Marshall Pass is the old railroad route over the Continental Divide; between 1879 and 1890 it was the only line between Denver and Salt Lake City, and thus the Pacific Coast. During that time before cars and highways, Salida was the center of rail travel in the Colorado mountains, and saw trains carrying U.S. Presidents (including Ulysses S. Grant and Theodore Roosevelt) and other famous folk.
The Marshall Pass line was narrow-gauge, with rails just three feet apart, which allowed for a tighter turning radius in the switchbacks climbing the over the high passes but meant smaller cars and smaller freight loads.
After the standard gauge line was built over Tennessee Pass above Leadville, the Marshall Pass line became a local route; the upper part of the grade was abandoned in the 1950s and became a scenic auto route. (I live along the lower part of former line where it cuts through the town of Salida; it is now a popular section of Salida’s 8.5-mile town trail system.)
The beginning of the grade is mellow, and then it begins to climb, and climb, and climb, winding its way toward Marshall Pass and the shoulder of Mt. Ouray.
At first the patches of aspen were small, and scattered. But so bright! As the road wound its way uphill the clumps of aspen took on different hues, including orange and scarlet.

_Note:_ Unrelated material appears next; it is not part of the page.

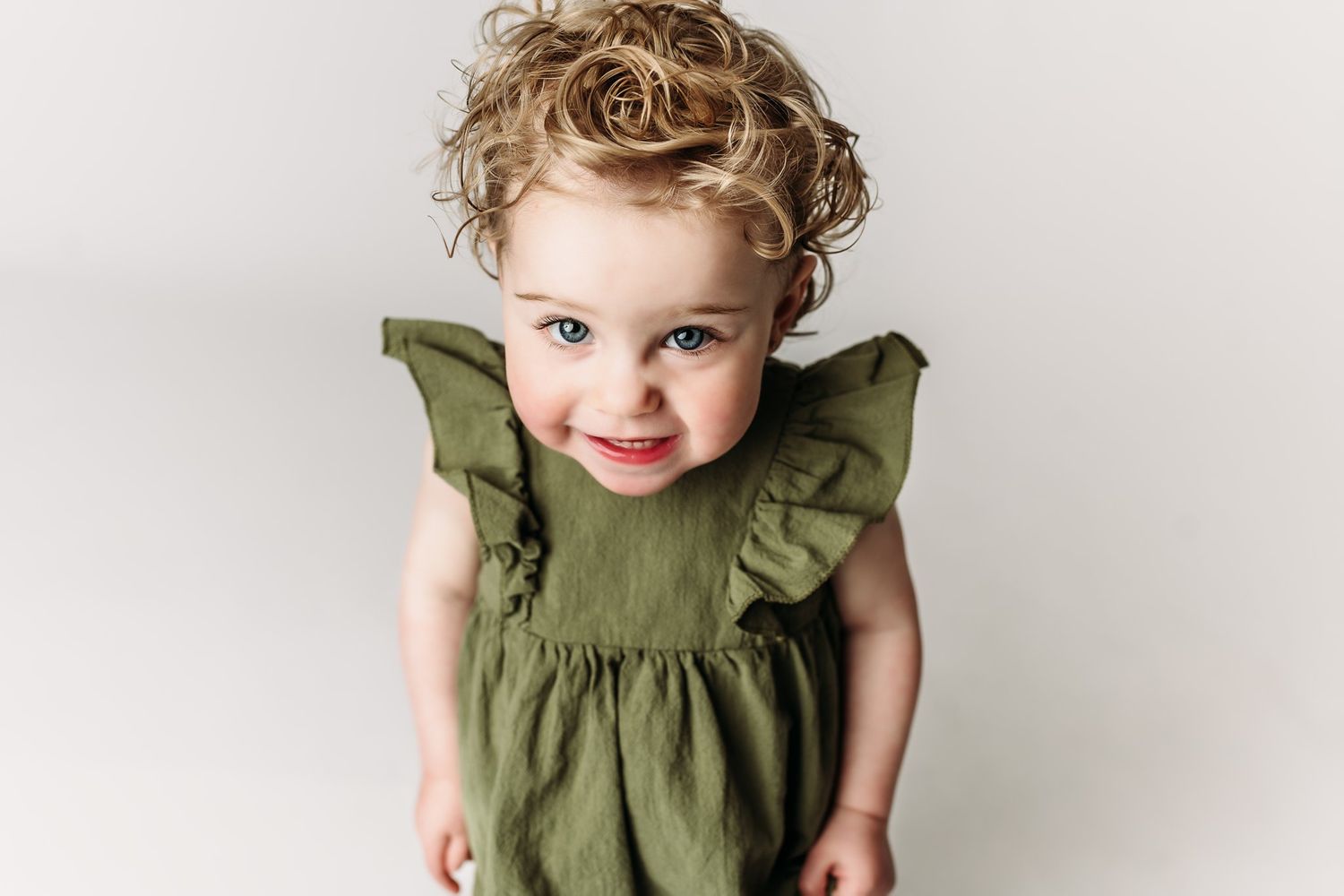 Child in olive dress smiles sweetly at camera against light backdrop.
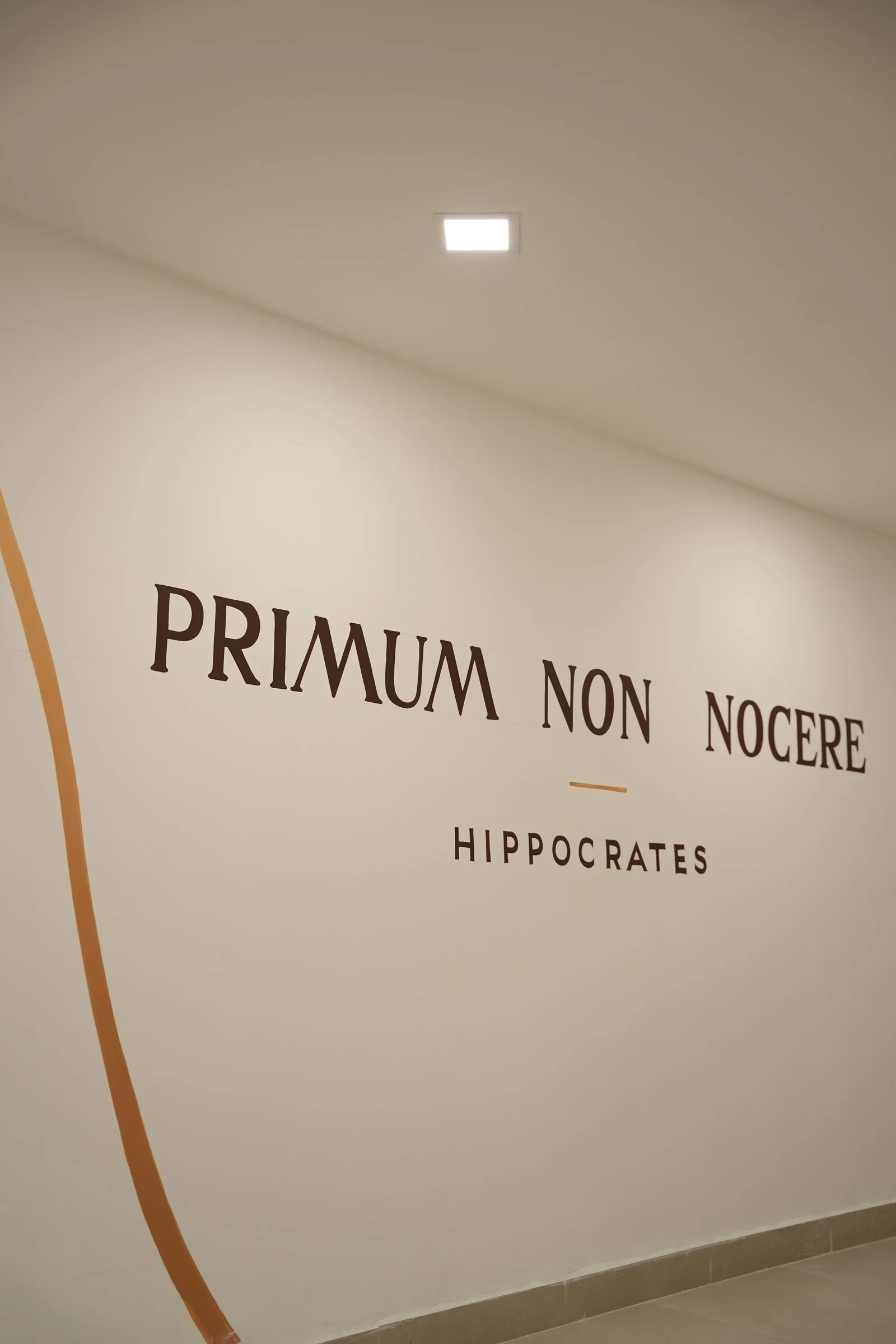 The clinic wall painted with Primum non nocere, Hippocrates: first, do no harm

I stopped to shoot photos and inhale the cool air whenever the sun came out from between afternoon rain-clouds, or the colors were especially lovely, or a cut in the old narrow gauge roadbed invited investigation, or whatever. [Warning: Possible aspen-color overdose ahead.]
Which explains why it took me almost two hours to drive the 36-mile round-trip between Salida and just below Marshall Pass.
I was feeling worn-down before I left. Now I’m not. After time out among the aspens and the peaks, my heart is full of wonder and my spirit is tap-dancing.
And I am grateful once again for the gift of life on this numinous blue planet.